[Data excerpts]
== == ==

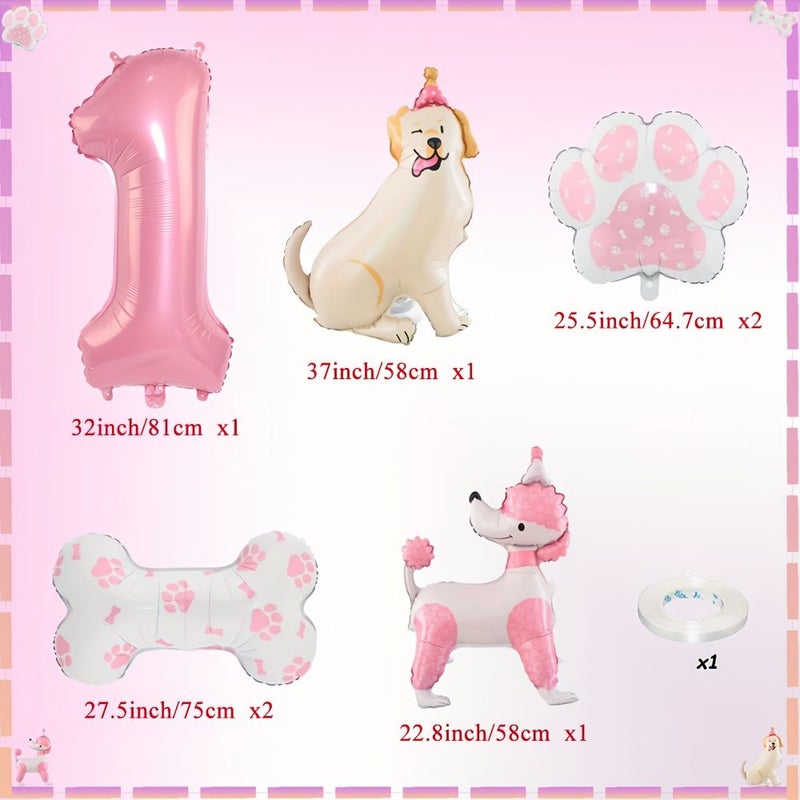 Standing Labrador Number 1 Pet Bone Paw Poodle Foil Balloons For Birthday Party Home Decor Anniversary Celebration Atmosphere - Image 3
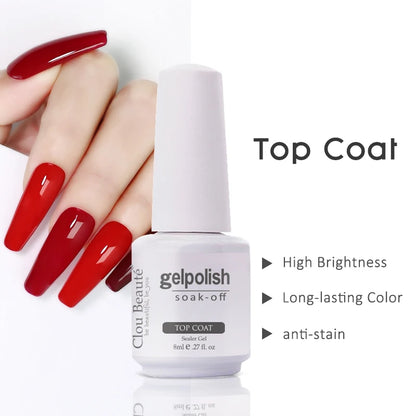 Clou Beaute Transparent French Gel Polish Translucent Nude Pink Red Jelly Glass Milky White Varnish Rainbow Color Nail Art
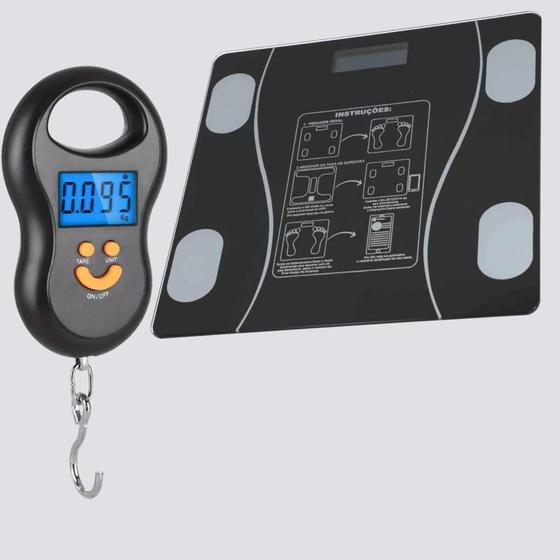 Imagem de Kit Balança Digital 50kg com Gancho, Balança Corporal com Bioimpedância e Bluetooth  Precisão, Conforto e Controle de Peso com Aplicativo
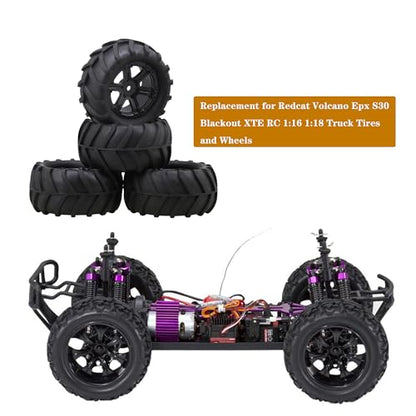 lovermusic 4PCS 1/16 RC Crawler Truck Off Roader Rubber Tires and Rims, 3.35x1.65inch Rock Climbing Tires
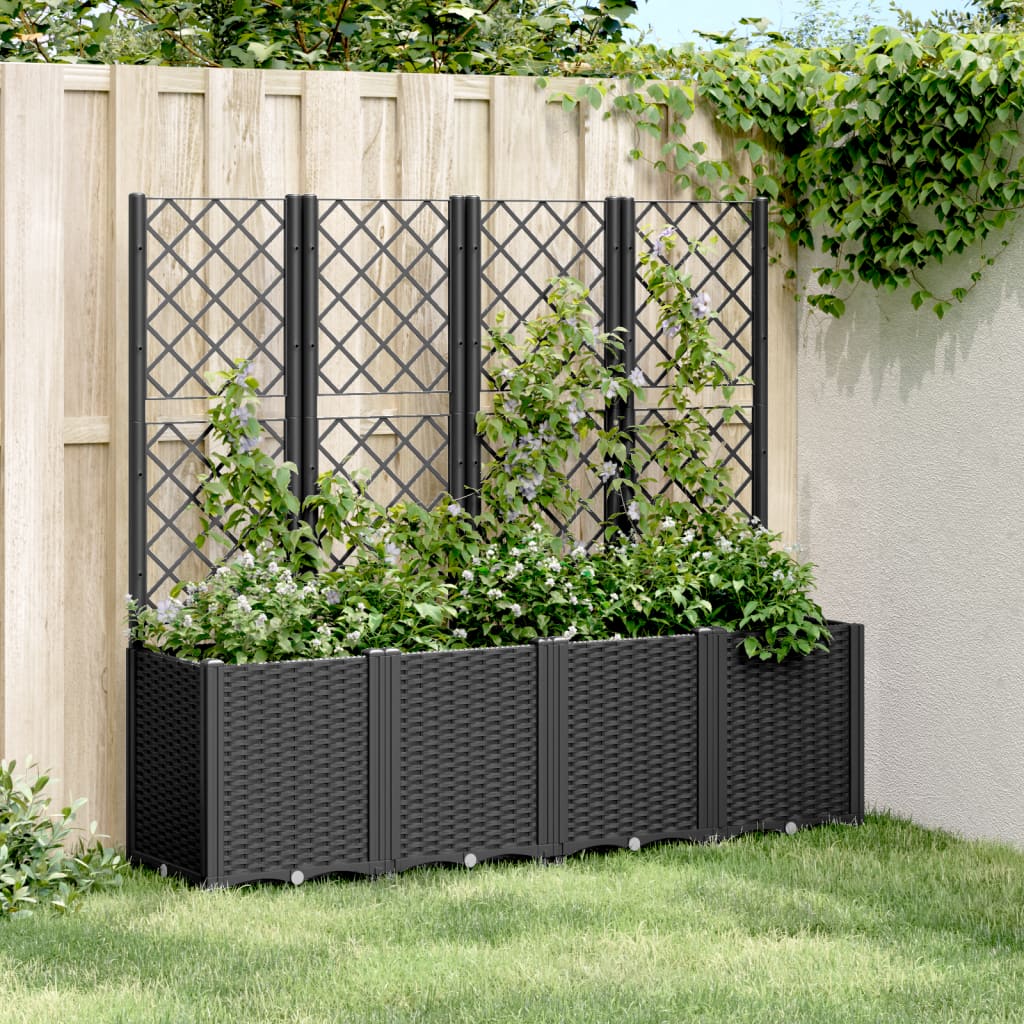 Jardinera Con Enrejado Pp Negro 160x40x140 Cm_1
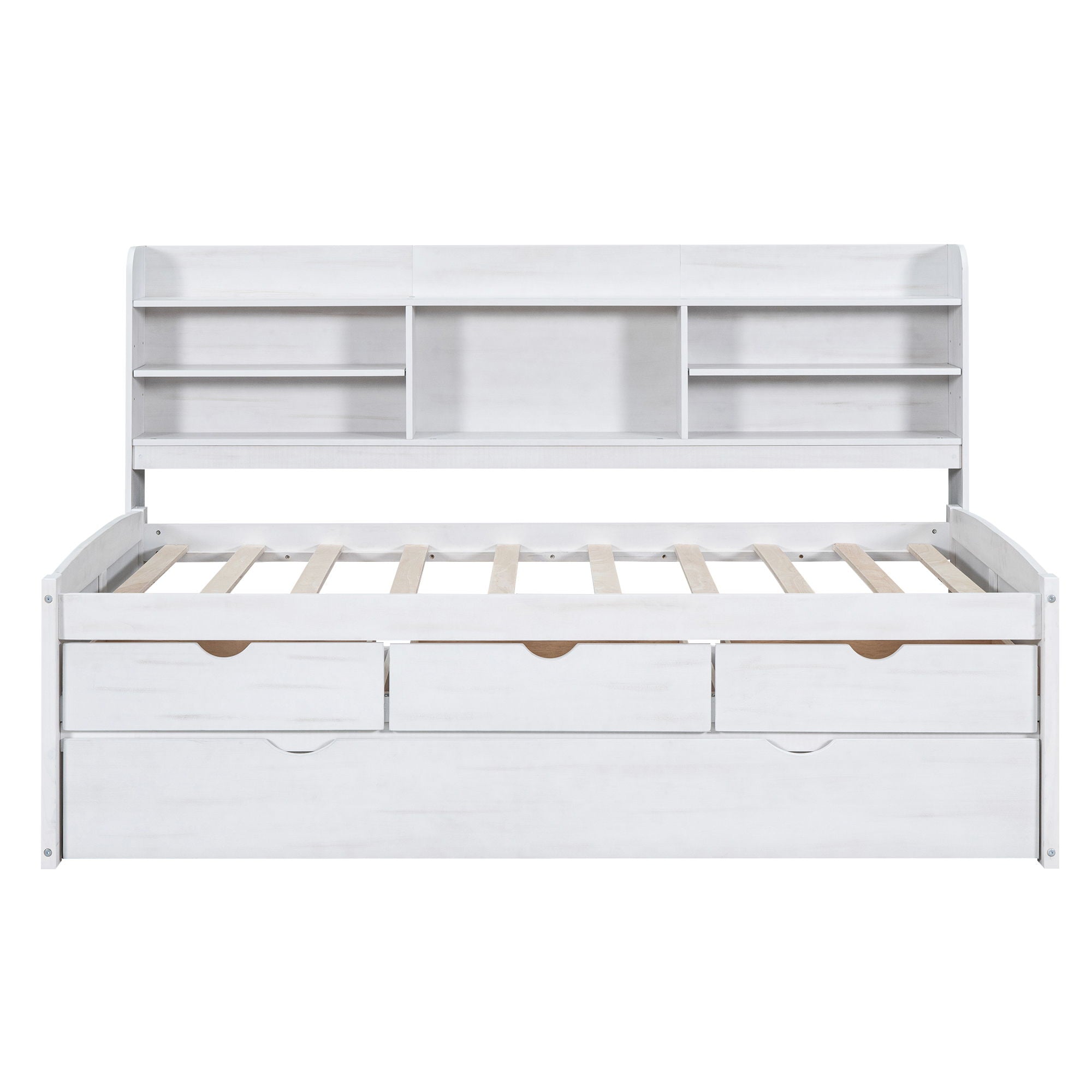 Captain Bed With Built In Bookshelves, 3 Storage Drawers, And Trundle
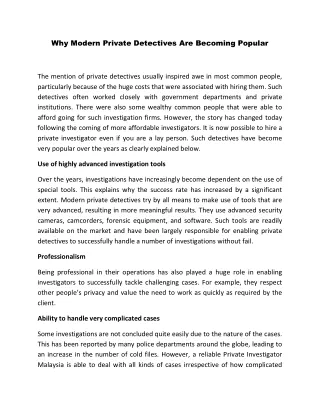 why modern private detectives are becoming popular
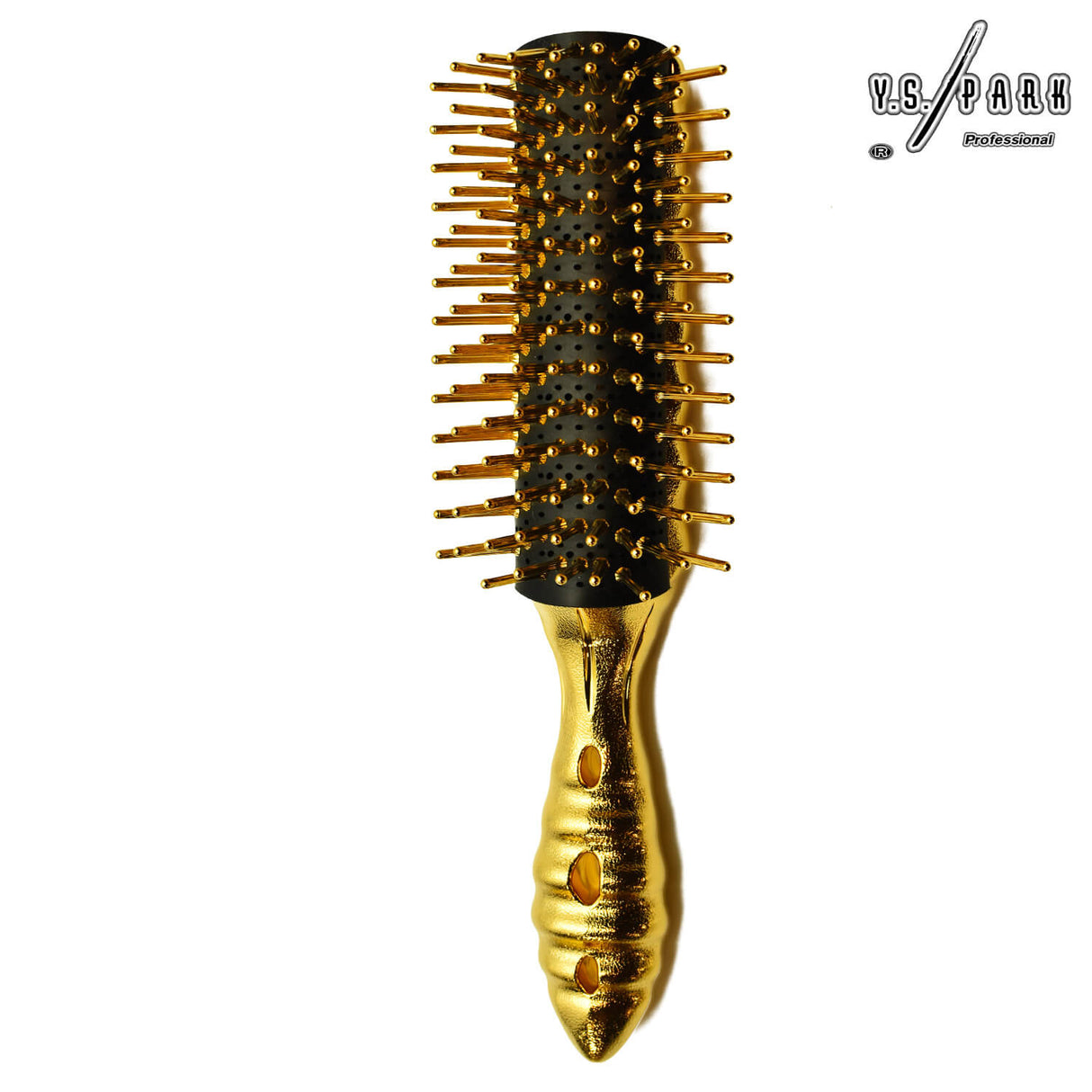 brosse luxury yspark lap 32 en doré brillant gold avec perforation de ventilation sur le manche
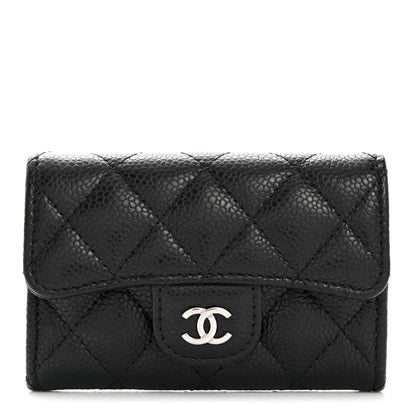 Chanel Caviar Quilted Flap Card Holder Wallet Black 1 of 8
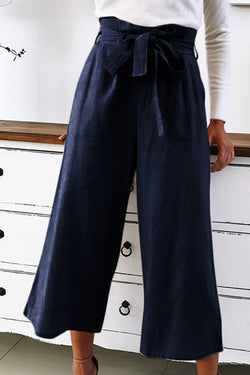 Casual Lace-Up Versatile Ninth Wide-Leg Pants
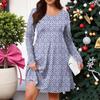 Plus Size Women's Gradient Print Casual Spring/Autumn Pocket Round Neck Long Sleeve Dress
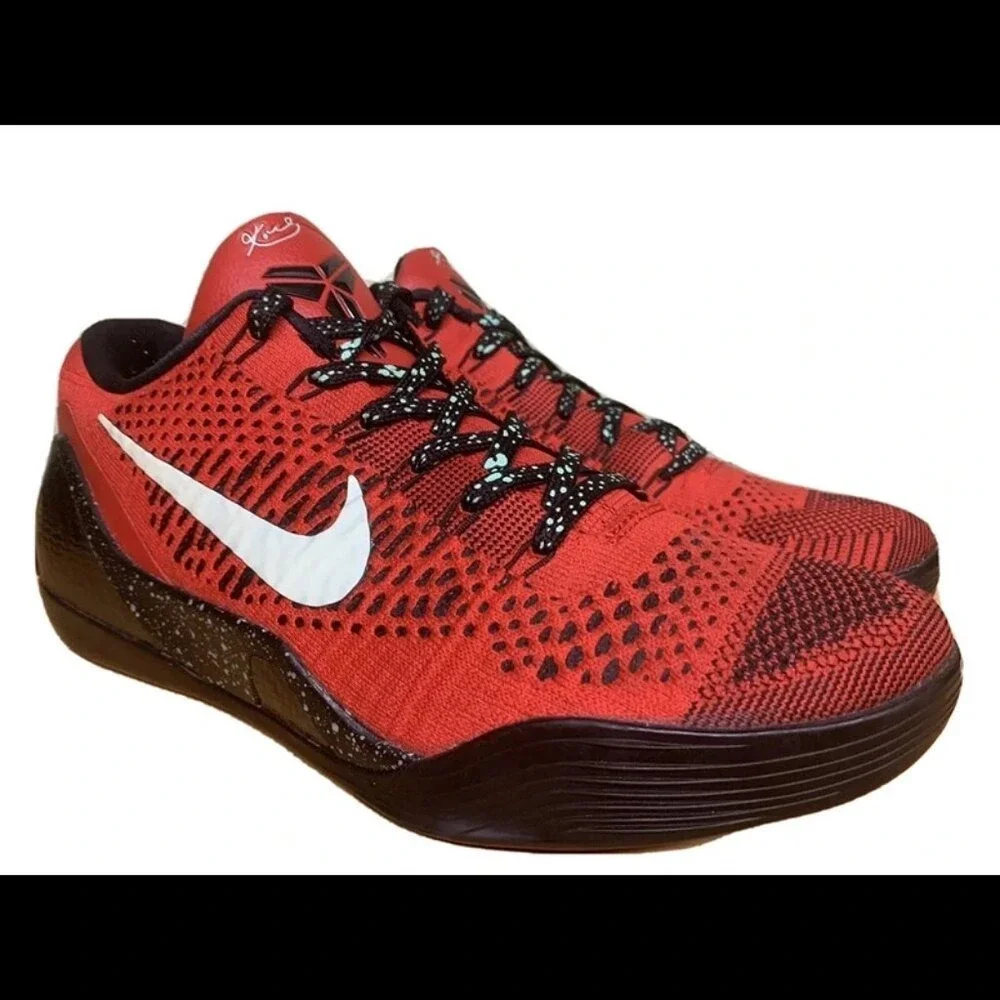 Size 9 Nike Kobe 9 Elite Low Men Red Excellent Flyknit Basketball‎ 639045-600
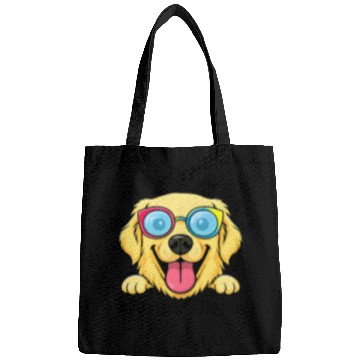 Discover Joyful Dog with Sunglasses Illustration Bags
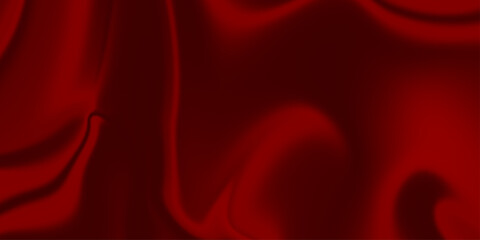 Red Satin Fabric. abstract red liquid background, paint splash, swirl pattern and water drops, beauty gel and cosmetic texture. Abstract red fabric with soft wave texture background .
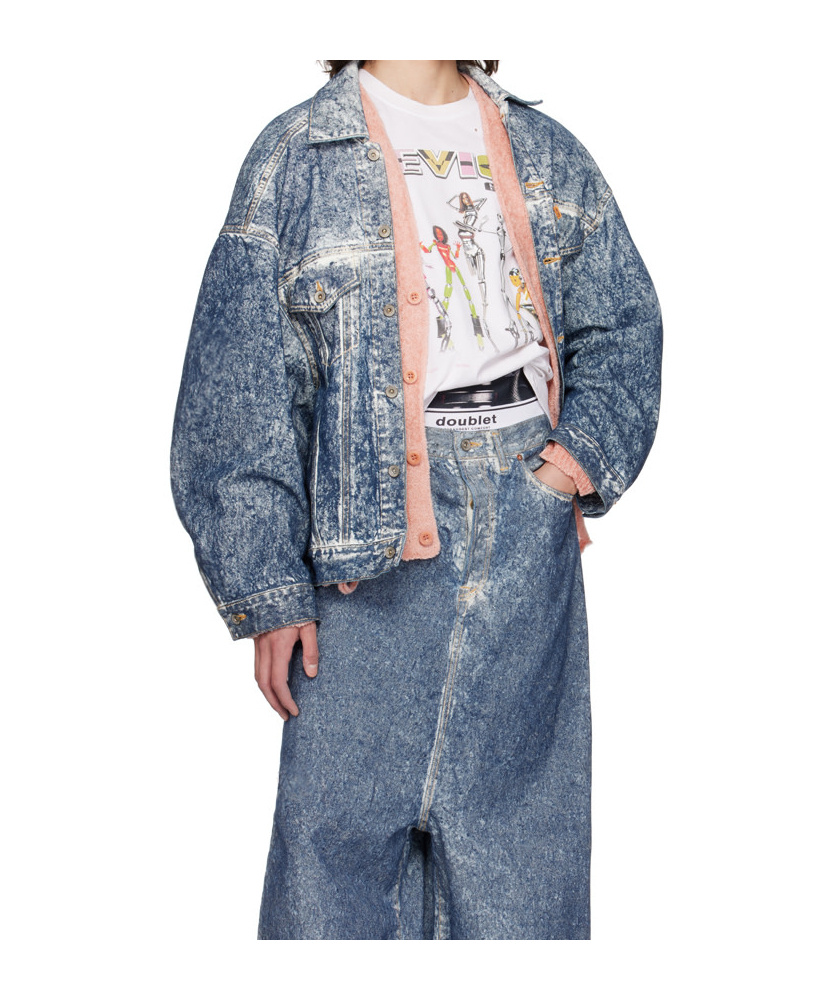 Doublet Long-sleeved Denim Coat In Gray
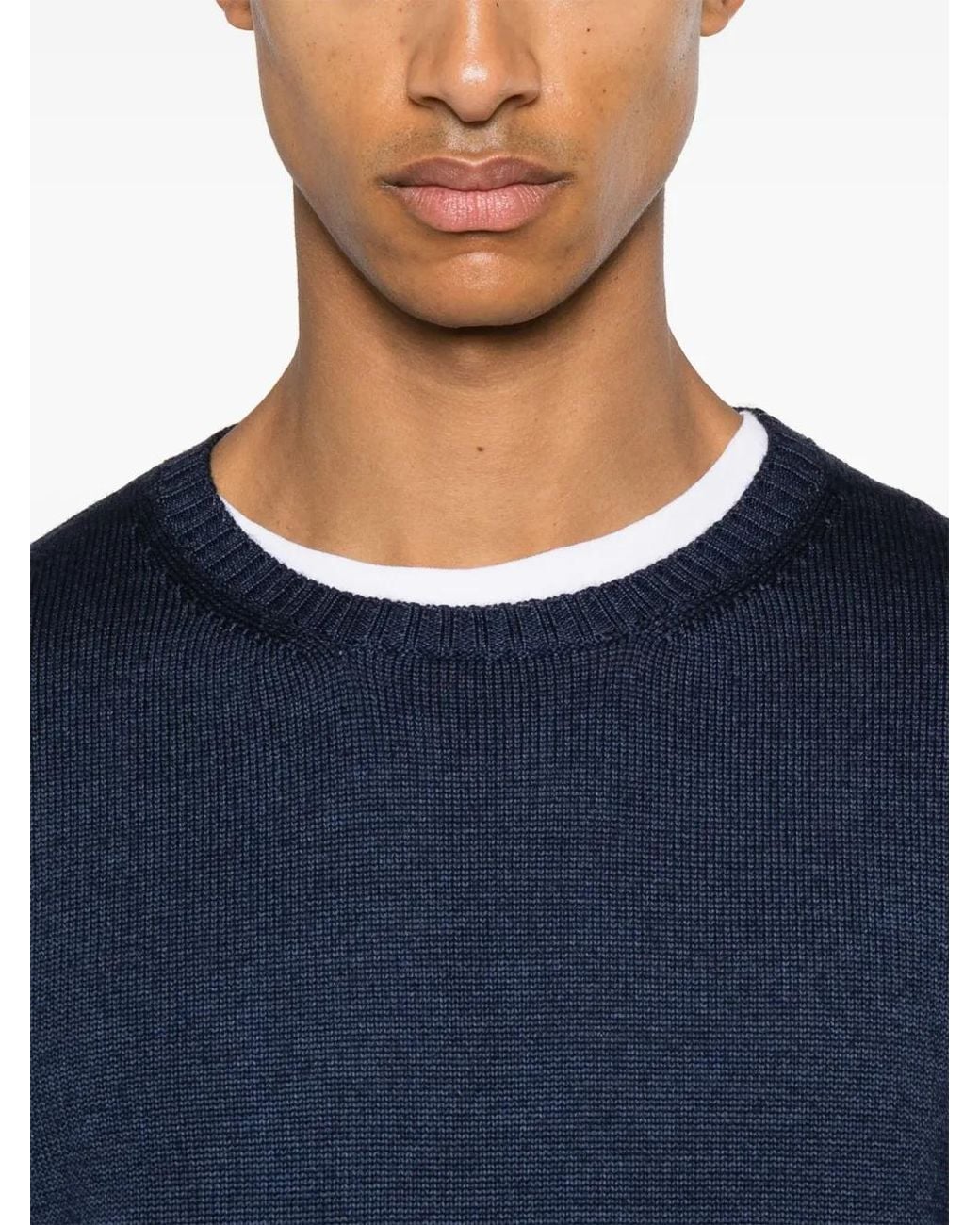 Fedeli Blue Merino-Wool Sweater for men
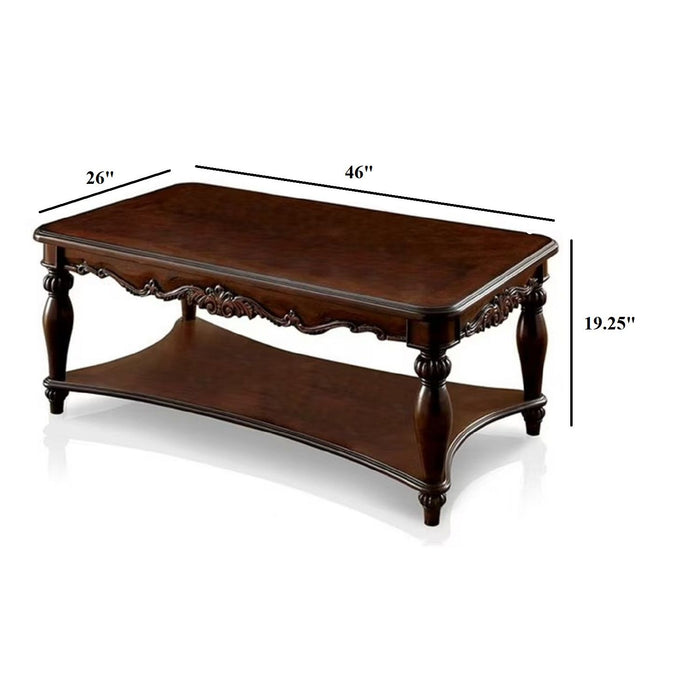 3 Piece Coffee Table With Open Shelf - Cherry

== == ==

> PROBLEM
Write out, word for word, the stretch of entries that begins at the line with "Discover Joyful Dog" and ends at the line with "Red Satin Fabric.". Pictures do not belong in it.

> ANSWER FOR THE TASK
 Discover Joyful Dog with Sunglasses Illustration Bags
 Red Satin Fabric. abstract red liquid background, paint splash, swirl pattern and water drops, beauty gel and cosmetic texture. Abstract red fabric with soft wave texture background .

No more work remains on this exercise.